Seanad debates

Wednesday, 28 September 2005

Garda Investigations: Motion.

 

4:00 pm

Photo of Brendan RyanBrendan Ryan (Labour)

However, members of a certain political party still use the phrase. Even as they say there is only one army, they then talk of Óglaigh na hÉireann as belonging to them. It does not belong to them. Neither does it belong to the Government. Óglaigh na hÉireann belongs to the people through the Constitution. Only through the Constitution and constitutionally elected Governments, that can also be constitutionally deposed, can one have an army that is truly accountable.

Anything else is a licence for what the Minister is talking about. Let us not heed people who say we are in transition. There is an old phrase that those who would sup with the devil should use a long spoon. People who found these psychopathic thugs useful in their political endeavours cannot say they are no longer connected with them. They are connected with them as long as they tolerate their continuing psychopathic thuggery by their silence.
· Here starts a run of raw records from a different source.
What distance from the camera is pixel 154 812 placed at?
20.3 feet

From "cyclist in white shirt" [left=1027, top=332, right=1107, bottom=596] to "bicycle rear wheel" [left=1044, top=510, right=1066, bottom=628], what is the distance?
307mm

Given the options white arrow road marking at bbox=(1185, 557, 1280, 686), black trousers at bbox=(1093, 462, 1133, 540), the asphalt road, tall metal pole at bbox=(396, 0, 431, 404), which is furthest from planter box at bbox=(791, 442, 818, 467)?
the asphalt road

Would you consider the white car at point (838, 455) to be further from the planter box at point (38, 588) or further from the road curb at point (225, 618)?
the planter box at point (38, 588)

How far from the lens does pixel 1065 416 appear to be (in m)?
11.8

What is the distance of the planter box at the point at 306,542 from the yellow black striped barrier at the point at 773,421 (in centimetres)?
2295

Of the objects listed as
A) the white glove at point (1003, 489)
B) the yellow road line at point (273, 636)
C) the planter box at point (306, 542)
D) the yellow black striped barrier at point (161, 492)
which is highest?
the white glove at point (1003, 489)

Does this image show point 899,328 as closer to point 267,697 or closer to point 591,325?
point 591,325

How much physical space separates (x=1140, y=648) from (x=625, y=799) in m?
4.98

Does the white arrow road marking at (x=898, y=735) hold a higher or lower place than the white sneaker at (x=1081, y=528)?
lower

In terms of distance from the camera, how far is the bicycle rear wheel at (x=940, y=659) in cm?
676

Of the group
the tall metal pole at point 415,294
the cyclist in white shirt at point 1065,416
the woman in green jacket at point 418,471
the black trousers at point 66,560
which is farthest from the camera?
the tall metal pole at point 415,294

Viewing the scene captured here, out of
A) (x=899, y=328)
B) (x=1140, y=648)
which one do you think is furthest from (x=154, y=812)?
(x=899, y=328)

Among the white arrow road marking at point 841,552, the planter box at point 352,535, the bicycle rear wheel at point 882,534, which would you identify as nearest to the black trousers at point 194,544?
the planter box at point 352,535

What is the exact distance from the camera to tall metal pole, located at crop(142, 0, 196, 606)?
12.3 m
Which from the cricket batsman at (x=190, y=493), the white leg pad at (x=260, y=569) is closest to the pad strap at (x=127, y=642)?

Let us not pretend that the murder of Joseph Rafferty is the only thing that was done. The current Member of Dáil Éireann for Kerry North was once able to persuade people by the eloquence of his words to hand back stolen goods, apparently by simply appealing to their better nature. Suddenly incorrigible thieves discovered a new side to themselves, handed back the stolen goods and we are supposed to believe it was because of eloquence and persuasion. A member of the same political party not far from Cork reported a drugs incident to the Garda Síochána and the dealer assaulted one of his children. Then the drug dealer was approached by a man in a balaclava and warned as to the consequences of beating up a 16 year old again. These people think that is a great thing to do and swagger around saying as much. Every time they do that they are not just attacking individuals or families but that which keeps us safe. In a political dialogue where I disagree with much of what the Government does, as I will continue to do with varying degrees of coherence, it is a fundamental principle that none of us feels any other member is or implies a physical threat or would even contemplate so doing, whether in the political arena or outside.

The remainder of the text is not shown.